A adaptação por Drauzio Varella, em seu formato de solilóquio,
procurou manter a força interiorizada do texto inicial. O que foi subvertido,
como uma opção dramatúrgica diferenciada por Cássio Pires, dividindo as vozes do
personagem mor Akaki(Rodolfo Vaz), com dois interlocutores/ narradores (Marcelo
Villas Boas/Rodrigo Fregnan).
Mesmo com o risco de perda da identificação confessional no
amargo discurso ideológico do protagonista, a montagem ganha pela inventividade
na perceptível experimentação cênica sob o comando de Yara de Novaes.
Através de uma claustrofóbica arquitetura cenográfica (André
Cortez), com sombrias luzes(Bruno Cerezoli) e espectrais projeções (Rogério
Velloso), sob os metafóricos acordes sonoros( Dr. Morris) ao vivo , pelo
teclado de Sarah Assis.
Onde o absurdo e o humor negro no retrato de um anti-herói são
atingidos , exponencialmente, na meticulosa performance de Rodolfo Vaz.

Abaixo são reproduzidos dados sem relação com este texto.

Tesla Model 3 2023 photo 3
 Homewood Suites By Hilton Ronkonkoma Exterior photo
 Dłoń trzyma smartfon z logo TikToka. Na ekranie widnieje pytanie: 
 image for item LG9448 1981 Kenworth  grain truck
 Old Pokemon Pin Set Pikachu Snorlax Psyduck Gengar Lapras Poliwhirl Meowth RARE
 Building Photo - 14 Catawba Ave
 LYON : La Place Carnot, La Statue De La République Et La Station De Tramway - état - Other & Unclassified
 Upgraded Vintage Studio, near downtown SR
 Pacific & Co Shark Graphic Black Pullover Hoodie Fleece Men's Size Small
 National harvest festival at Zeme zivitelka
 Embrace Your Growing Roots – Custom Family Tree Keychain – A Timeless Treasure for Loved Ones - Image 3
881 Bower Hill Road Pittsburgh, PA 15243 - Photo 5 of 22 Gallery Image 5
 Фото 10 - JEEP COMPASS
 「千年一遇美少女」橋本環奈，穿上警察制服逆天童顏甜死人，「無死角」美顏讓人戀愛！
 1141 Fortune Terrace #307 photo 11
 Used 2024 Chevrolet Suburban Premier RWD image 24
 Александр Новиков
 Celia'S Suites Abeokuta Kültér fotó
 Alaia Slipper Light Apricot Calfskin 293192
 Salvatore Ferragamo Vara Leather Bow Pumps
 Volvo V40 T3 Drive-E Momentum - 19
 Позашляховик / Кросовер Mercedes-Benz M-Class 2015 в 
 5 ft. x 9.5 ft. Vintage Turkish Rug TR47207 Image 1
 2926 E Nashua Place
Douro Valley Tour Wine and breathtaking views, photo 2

Apesar do desvio exteriorizado, em detrimento da
nuance subjetiva, pelos dois narradores , há compensação na irreverente energia de Rodrigo Fregnan e Marcelo Villas Boas.
Tudo capaz, afinal , de tornar-se , na dissecação da pequenez da alma humana, um
fulgurante ato teatral de transfiguração
reflexiva do riso entre lágrimas.
O CAPOTE está em cartaz no Teatro I do CCBB, Centro do Rio, quarta a domingo, às 19h. 70 minutos. Até 13 de março.